When It’s Mother’s Day and Your Mother is Gone

I dreamt of my mother in the pre-dawn hour this morning. One of those tiny snippets of dream that could only have been seconds in real time, but dragged on in sleep.

I was on a bus with my sisters and looked out the window as we crossed the main street in my downtown. There she was, standing in the street near the line of parked cars. She was perhaps 50, my sisters and I our current ages.

She was dressed in a mid-calf pencil skirt and short-waisted, long-sleeved jacket—one of her iconic outfits, grey and blue plaid or checked (already the vision is fading)—which are probably still hanging in a garment bag in the guest room closet. Her feet were clad in black fabric pumps, a small cut out at the toe. A Jackie Kennedy hat perched on her head, the netting folded up over it. Her long since white/blonde hair in a tight perm at the ends held it in place. She wore the blue cat’s eye-shaped glasses with sparkles. A black leather handbag hung from her crooked right arm. She stood tall, so much as her 5’2″ frame would allow.

Her other white-gloved hand was raised in greeting—or farewell.

She was not smiling, but her face was at peace. I knew that she knew she was saying goodbye. That she had not tried to arrive before we left. That she was not trying to stop the bus.

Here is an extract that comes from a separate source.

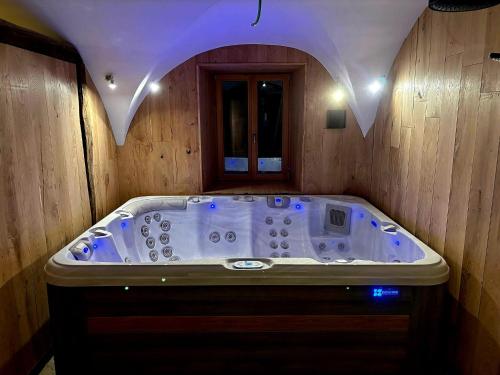 a bathroom with a jacuzzi tub in a room at Chalet du cerf fragment in Saint-Martin-de-Belleville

I was frantically trying to call her to tell her to wait, that I would come, that we hadn’t meant to leave without saying goodbye; or maybe we had, but I was sorry. But I couldn’t see the screen on my phone for the glare and my tears, I couldn’t remember her number, I couldn’t get my fingers to push the right buttons. Rebecca tried to help me, but it was too late.

And then she was gone.

Happy Mother’s Day, Mama. I miss you.